“Your mammogram shows an area the radiologist is recommending that we biopsy. I am going to put in a referral for you to see a breast specialist to get that done.”
“Um. I already have the biopsy scheduled. The radiologist said they could do it. It has been approved by my insurance and everything.”
I glanced at the time stamp on the mammogram report. She’d had the mammogram done just that morning. The report summary said “suspicious calcifications concerning for malignancy….”
“I would really rather we get you hooked up with a breast specialist to do this.”
Who do they think they are, scheduling my patients for procedures that I have not even authorized yet?
“I’d rather just get it done. It’s already scheduled for next week.”
“Look, I can get you in with the specialist in just a few days. This is not going to delay care in any way.”
Suspicion began to creep into her voice. “I really don’t want to,” she said firmly. What exactly had they said to her?
How do you say, “I think you might have cancer,” without causing panic? How do you remain professional when you are seething inside?
If it were me, if it were my mother, I would want to have the biopsy done by a breast specialist, not a radiologist. They have surgical training but more importantly, they know what to do if god-forbid-it-turns-out-to-be-cancer. Instead of waiting to see someone that can take the next step, I would be already plugged in. I have seen it too often. The panic, fear… the rage…
My patients deserve the same care I would get, the same care I would demand for my loved ones.
I knew how it was going to go, though:
“If you don’t stop doing this, I am going to stop sending my patients there for mammograms.”
The manager laughed at me through the phone. “You have to send patients to our facilities. We are in the same system. You know they track that sort of thing.”
And she’s right….
The suit squinted at me from across the table.
“So, in analyzing the data from your mammogram referrals we see that you are sending about 52% of your patients to outside facilities. Care to elaborate on why that is?”
“Is it required that I send patients to only system facilities?”
“Oh, no. No. It’s not required.”
That would be illegal.
“So why are you here talking to me about this again?” I could feel the pricks of anger rising under my skin.
“We can’t require you to do that but in the interest of managing costs for patients…” He trailed off.
In the interest of keeping more money in the system…
I held back a laugh.
It was an interesting thing, how much more frequently my patients getting mammos at system facilities seemed to end up getting biopsies compared to those facilities outside the system that did not do biopsies as part of their services. Did they track that, I wondered? Was my perception about this correct or merely a projection, tainted by the animosity I felt? I resolved to start keeping a tally.
“While we are on the subject, your referrals to system specialists is below the system average for primary care. Why?”

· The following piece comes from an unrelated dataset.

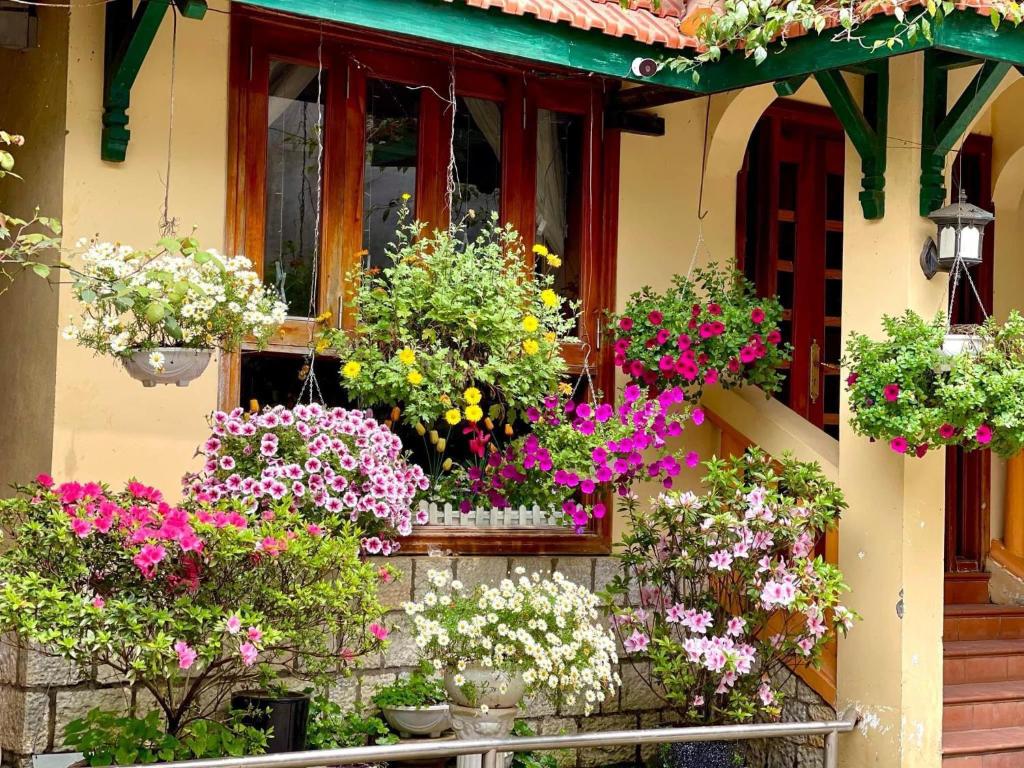 Villa Vườn Hồng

“The why depends on the patient. Some prefer to stay in the area. Driving downtown is a hardship for a lot of them, not to mention the cost of parking. Some need a physician with a certain set of skills or a certain personality. Some have experience with a physician through a family member or have been seeing this specialist for years and need a referral each year because of their insurance.”
Why am I justifying this to you?
A month ago they added a button on external referral orders that requires me to provide an excuse so they can better track such things. If there was a “bite me” option on the choice list, I would use that.
Previously they had only loaded the contact info for physicians within the system. If they were not a system specialist they had to be loaded manually by filling out a form that went to the practice manager then to a practice administrator and then to a VP and then to someone to add them in. It took weeks.
“Provide us with a list of the specialists you would like to use and we will contact them to try to get them to join the system.”
“I’m not doing that. I’m not letting you use my name to convince them to join anything. If they want to join, they can look you up. Meanwhile, I will continue to refer in a way that keeps the best interests of my patients as a priority.”
Technically they could pull those names from electronic health record. Maybe they already had.
“Oh, we always want you to keep the interests of your patients as a priority. We would never ask you to do otherwise.”